Desert Stewards Before the Lake Existed: The CCC’s Hidden Legacy at Cottonwood Cove
As we celebrate the United States’ 250th anniversary, the America250 initiative invites us to look beyond the obvious landmarks and honor the workers who shaped landscapes long before they became recreation areas. At Cottonwood Cove Resort, a proud member of the Adventures Unbound family, we are recognizing the Civilian Conservation Corps enrollees who rehabilitated the Nevada desert that surrounds Lake Mohave, laying the groundwork for the recreation paradise visitors enjoy today.
Taming the Range Before the Lake
Lake Mohave did not exist until Davis Dam was completed in 1951, well after the CCC era ended in 1942. But the desert landscape surrounding Cottonwood Cove tells a deeper story. In the 1930s, Nevada had the largest public domain of any state, and 26 CCC grazing camps operated across the state to rehabilitate overgrazed and eroded rangelands. Nearly 31,000 men served in 59 CCC camps statewide, many of them young men from eastern cities sent west to heal a battered landscape.
These CCC enrollees built thousands of miles of “truck trails” through the desert, constructed reservoirs and spring improvements, and worked with the Soil Conservation Service to control erosion along Nevada’s waterways. Division of Grazing officials called the truck trail network “the daddy of them all” for opening up vast stretches of previously inaccessible public land. In Clark County, where Cottonwood Cove sits, CCC crews rehabilitated rangeland ecosystems and improved desert watersheds that would later become part of the expanded Lake Mead National Recreation Area.
When the NRA expanded to include Lake Mohave in 1947, the CCC’s desert rehabilitation work had already preserved the ecological health of the surrounding landscape. The roads and improved range infrastructure they left behind became the foundation for the marina, docks, and boat ramps that arrived during the NPS Mission 66 program in the late 1950s.
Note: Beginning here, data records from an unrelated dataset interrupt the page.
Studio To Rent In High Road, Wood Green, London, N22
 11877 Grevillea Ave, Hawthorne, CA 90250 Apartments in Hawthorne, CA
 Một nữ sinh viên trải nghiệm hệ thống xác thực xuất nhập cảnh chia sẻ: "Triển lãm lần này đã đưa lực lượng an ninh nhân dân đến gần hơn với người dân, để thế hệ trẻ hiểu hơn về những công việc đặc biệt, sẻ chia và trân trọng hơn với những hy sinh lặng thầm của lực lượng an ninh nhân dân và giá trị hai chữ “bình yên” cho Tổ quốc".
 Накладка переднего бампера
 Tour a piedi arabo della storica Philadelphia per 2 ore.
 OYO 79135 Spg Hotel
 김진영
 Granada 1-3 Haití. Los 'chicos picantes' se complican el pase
Desert Conservation You Can See
Today, when you drive the road to Cottonwood Cove and look out across the desert hills rolling down to Lake Mohave, you are seeing a landscape the CCC helped save. The healthy desert ecosystem, the accessible terrain, the very roads that bring you to the water all carry the legacy of corps members who worked this land decades before the lake existed.